With Devon Kelly-Evans having a quiet game against Accrington, he seems the likeliest candidate to be taken out of the side. Marc McNulty has shown he can operate out wide to a reasonable level of effectiveness, which would have the benefit of adding an extra striker to the dynamic and also keeping Duckens Nazon in a central position where he’s more effective. However, playing Peter Vincenti out wide could Robins to pair McNulty and Nazon together without losing a physical presence in attack.

Liam Kelly’s absence from the side was a blow on Saturday and his potential return for this game would be welcome. While Ben Stevenson clearly has something to offer this team, the defensive protection Kelly offers via his physical strength and ability to win first and second balls makes us a more composed team-unit, and there isn’t really a debate to be had over whether he should return.

Last Time We Met

For the third game in a row (or two in three depending on your opinion on the reformation of Accrington Stanley) we’re up against a club that we’ll be facing in the league for the first time ever.

How Are They Doing?

When Forest Green won promotion from the National League last season, their chairman declared that ‘reaching League One will be easy’, however, it’s been a disaster of a campaign thus far on a multitude of levels (second-bottom, league’s worst defence, and having recently released their captain) putting paid to such ambitions, at least in the short-term.

Despite a blitzing play-off final victory last season, the cracks that have been exposed at a higher-level this season were apparent during that promotion-winning campaign. Manager Mark Cooper seemed to develop a habit of turfing out some of his more expensive signings at any sign of poor form but was able to turn to the emergency loan window to bail himself out. Without that luxury – and the club having to abide by financial fair play regulations – it seems to be a very unhappy camp at the club.

Possible Line-Up

As mentioned earlier, club captain Liam Noble was recently released by the club. Not only did Forest Green turn down £100,000 for him from Notts County (who he’s recently signed for on a free) but he was one of their most pivotal players in their promotion-winning campaign as a driving force from midfield. Of the dynamic front four of Christian Doidge, Kaiyne Woolery, Keanu Marsh-Brown and Liam Noble that blew Tranmere away back in May, only the excellent all-round centre-forward Doidge is likely to line-up in this game.

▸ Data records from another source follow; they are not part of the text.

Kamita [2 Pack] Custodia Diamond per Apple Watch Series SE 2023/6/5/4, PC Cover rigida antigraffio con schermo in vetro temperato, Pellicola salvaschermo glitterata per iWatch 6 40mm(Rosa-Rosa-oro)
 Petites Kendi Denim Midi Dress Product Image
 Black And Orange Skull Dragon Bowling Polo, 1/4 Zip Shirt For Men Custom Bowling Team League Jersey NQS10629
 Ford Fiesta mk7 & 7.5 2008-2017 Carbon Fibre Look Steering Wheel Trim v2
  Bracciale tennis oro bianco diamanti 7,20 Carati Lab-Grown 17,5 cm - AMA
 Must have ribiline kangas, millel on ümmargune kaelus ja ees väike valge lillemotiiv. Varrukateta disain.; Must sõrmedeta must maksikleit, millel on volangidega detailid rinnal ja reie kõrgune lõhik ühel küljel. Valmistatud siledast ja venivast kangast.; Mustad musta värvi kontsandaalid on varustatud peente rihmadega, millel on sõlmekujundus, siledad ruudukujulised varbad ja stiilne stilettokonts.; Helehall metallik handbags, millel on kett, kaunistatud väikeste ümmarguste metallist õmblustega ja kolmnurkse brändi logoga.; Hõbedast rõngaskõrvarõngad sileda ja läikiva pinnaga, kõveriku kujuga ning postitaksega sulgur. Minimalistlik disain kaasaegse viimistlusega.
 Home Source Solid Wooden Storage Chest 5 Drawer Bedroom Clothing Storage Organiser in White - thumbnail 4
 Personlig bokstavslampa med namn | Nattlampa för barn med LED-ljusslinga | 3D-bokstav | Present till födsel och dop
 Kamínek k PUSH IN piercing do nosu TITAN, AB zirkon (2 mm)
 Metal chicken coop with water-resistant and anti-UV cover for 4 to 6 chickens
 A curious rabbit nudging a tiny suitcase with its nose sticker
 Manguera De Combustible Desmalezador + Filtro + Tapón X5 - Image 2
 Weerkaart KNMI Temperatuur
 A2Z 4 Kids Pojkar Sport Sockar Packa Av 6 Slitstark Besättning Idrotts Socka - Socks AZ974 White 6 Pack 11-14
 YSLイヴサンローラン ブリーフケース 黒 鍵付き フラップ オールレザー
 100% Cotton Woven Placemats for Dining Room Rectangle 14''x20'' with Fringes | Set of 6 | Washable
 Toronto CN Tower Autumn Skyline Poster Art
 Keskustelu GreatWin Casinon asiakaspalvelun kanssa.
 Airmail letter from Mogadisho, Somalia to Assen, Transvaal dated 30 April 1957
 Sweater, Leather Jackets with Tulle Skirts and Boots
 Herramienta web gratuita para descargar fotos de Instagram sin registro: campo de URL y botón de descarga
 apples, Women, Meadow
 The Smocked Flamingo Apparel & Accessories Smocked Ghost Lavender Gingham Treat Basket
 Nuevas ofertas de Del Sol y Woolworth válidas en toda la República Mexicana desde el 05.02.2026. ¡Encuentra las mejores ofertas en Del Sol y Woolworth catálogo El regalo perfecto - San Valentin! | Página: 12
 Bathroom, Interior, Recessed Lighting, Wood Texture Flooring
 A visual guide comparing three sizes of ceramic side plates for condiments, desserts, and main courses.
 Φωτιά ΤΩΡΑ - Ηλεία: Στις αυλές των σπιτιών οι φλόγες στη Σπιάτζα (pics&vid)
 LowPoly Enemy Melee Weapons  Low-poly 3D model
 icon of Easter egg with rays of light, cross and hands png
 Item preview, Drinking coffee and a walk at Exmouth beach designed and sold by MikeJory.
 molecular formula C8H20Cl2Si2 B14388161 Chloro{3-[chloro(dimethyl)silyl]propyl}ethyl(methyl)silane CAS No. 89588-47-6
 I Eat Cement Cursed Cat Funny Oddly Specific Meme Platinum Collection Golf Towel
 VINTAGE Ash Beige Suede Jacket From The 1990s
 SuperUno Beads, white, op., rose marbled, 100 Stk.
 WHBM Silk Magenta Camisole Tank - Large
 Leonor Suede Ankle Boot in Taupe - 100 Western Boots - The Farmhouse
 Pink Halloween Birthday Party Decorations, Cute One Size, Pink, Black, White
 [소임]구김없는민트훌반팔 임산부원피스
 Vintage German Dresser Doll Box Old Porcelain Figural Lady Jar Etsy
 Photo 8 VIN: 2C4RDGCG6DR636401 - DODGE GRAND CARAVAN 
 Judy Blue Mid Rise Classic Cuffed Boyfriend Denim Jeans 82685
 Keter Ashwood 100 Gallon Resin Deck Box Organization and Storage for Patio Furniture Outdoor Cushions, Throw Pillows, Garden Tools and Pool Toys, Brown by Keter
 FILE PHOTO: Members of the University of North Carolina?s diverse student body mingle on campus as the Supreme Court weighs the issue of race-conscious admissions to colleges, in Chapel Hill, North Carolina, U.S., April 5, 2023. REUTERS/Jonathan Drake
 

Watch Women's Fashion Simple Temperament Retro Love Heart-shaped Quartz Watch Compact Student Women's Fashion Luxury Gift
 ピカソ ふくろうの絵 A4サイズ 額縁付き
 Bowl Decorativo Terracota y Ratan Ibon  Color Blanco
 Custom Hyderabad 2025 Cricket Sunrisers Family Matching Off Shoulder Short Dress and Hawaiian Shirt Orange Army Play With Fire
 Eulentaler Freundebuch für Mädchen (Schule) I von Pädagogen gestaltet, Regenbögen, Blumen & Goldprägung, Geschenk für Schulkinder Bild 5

The rest of Forest Green’s side is even harder to predict after Mark Cooper reportedly vowed to play some of the club’s younger players, following a 4-0 defeat to Newport County at the weekend. It’s the indication of a manager clearly feeling the pressure and is rapidly running out of things he can say and do to the side in order to get a reaction. However, the one thing Cooper is sticking with is a passing style of football – which has been another major contributing factor to the club’s terrible season thus far.


This is as close to an open goal kind of game as it’s possible to get. If we can get an early goal, the floodgates could really open and allow us to build some confidence in front of goal. Although, Forest Green did recently take a point that was nearly all three away to Notts County recently, indicating that they do have a decent performance up their sleeve under the right conditions.

Overall though, this is a game that we have to be confident of winning. I’m going for a 2-0 scoreline.